Organizing, Describing and Visualizing Data Flashcards
Values that can be counted or measured are called _____ data.
Numerical (or Quantitative)
Discrete and Continuous data are types of _____ data.
Numerical (or Quantitative)
Data that is countable, such as the months, days, or hours in a year is called _____ data.
Discrete
Data that can take any fractional value is called _____ data.
Continuous
Data that consist of labels that can be used to classify a set of data into groups is called _____ data.
Categorical (or Qualitative)
Nominal and ordinal data are type of _____ data.
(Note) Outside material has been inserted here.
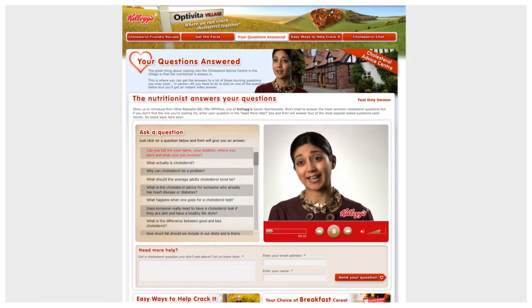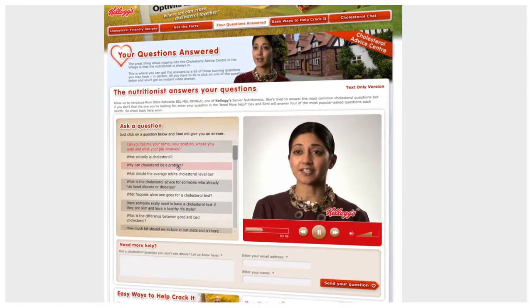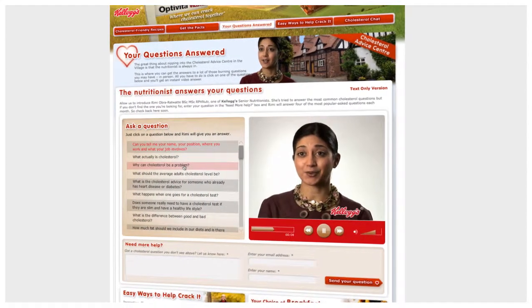My name is Rimi Oberatwate, and I'm one of Kellogg's senior nutritionists. I'm here to give advice about how to manage raised cholesterol.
Categorical (or Qualitative)
Labels that cannot be placed in order logically is called _____ data.
Nominal
Data that can be ranked in a logical order is called _____ data.
Ordinal
A a set of observations taken periodically, most often at equal intervals over time is called _____.
Time series
A set of comparable observations all taken at one specific point in time is called _____.
Cross-sectional data
The combination of time series and cross-sectional data, often presented in tables is called _____.
Panel data
Time series, cross-sectional, and panel data, organized in a defined way, are examples of _____ data.
Structured data (ex: market data, fundamental data, etc.)
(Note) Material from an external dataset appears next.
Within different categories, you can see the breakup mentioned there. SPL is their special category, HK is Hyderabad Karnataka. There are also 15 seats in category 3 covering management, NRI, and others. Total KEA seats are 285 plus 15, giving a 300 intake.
Information that is presented in a form with no defined structure is refered to as _____ data.
Unstructured data (ex: management commentaries, must be transformed into structured data to be analyzed)
A time series is an example of a _____ array.
One-dimensional
For any frequency distribution, the interval with the greatest frequency is referred to as the _____ interval.
Modal
The _____ frequency is the percentage of total observations falling within each interval.
Relative
The _____ frequency is the number of observations falling within an interval.
Absolute
A _____ is a two-dimensional array with which we can analyze two variables at the same time.
Contingency table (ex: Accidents by intersection and day of week)
One kind of contingency table is a 2-by-2 array called a _____.
Confusion matrix
To analyze three variables at the same time, an analyst can create a _____.
Scatter plot matrix
The most effective chart types for visualizing RELATIONSHIPS are _____.
Scatter plots, scatter plot matrices, and heat maps
The most effective chart types for COMPARING CATEGORIES are _____.
Bar charts, tree maps, and heat maps
The most effective chart types for COMPARING OVER TIME are _____.
Line charts, dual-scale line charts, and bubble line charts
The most effective chart types for visualizing DISTRIBUTIONS of NUMERICAL DATA are _____.
Histograms, frequency polygons, and cumulative distribution charts
The most effective chart types for visualizing DISTRIBUTIONS of CATEGORICAL DATA are _____.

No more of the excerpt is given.